Would you retype exactly the lines below, starting with the one that has "hexagon formed with letter H" and going on through the one that has "LIMITED TO 2", with no pictures and nothing else?

» **RECORDS TO PROCESS**
|---|

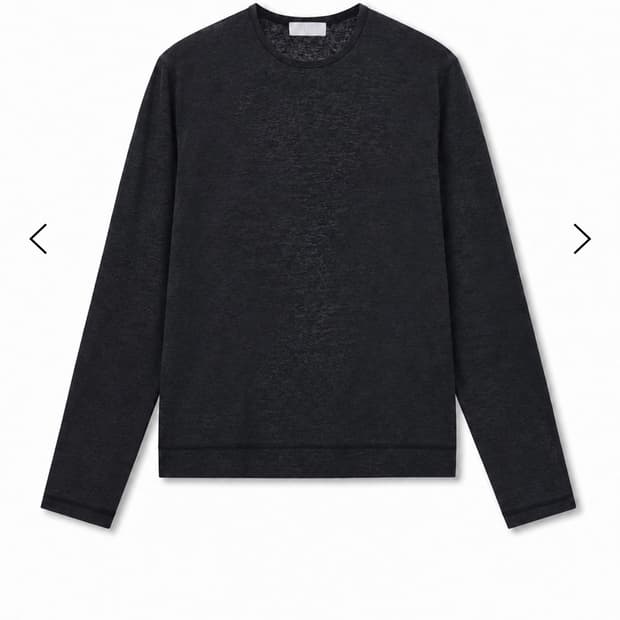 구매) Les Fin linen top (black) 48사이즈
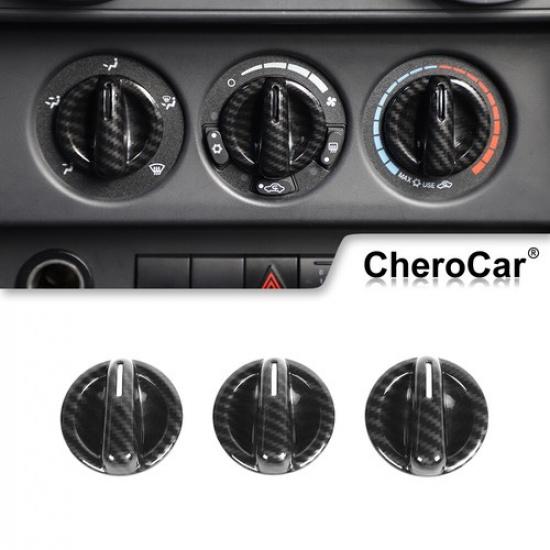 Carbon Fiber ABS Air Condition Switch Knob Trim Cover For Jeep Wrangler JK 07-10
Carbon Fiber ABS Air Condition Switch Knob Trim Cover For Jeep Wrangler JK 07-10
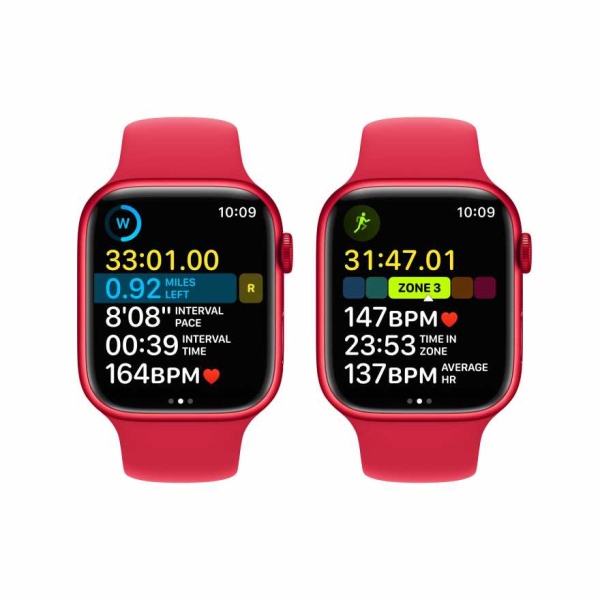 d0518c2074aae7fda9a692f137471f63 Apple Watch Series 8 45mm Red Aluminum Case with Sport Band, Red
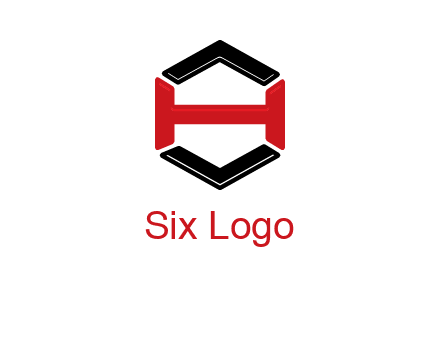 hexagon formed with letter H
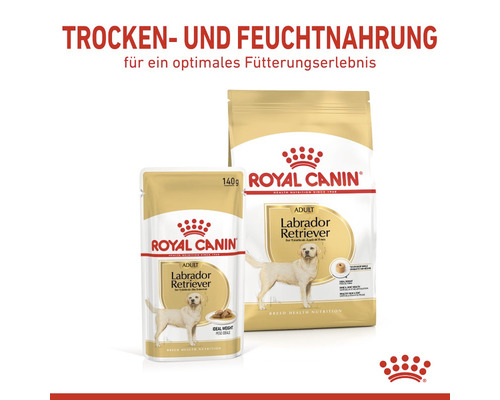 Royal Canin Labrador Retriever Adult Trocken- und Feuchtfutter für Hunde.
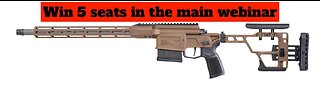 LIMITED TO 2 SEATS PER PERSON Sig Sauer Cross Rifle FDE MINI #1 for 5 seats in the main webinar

|---|

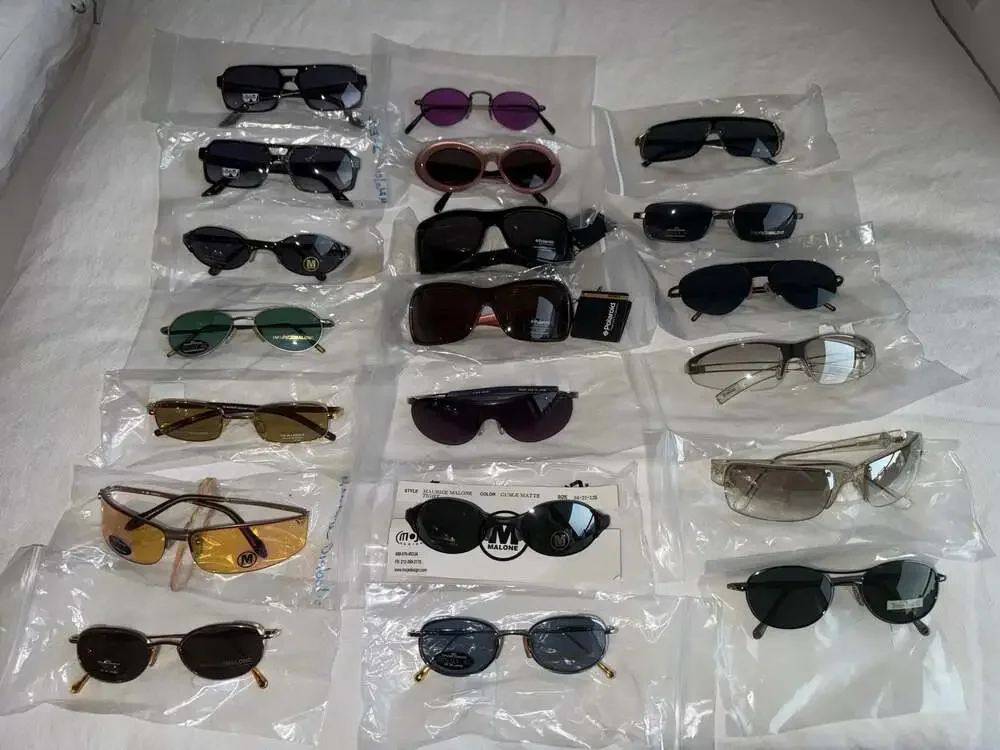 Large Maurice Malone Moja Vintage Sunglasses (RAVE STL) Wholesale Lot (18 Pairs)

|---|

» **WRITTEN REPLY**
 hexagon formed with letter H
 Royal Canin Labrador Retriever Adult Trocken- und Feuchtfutter für Hunde.
 LIMITED TO 2 SEATS PER PERSON Sig Sauer Cross Rifle FDE MINI #1 for 5 seats in the main webinar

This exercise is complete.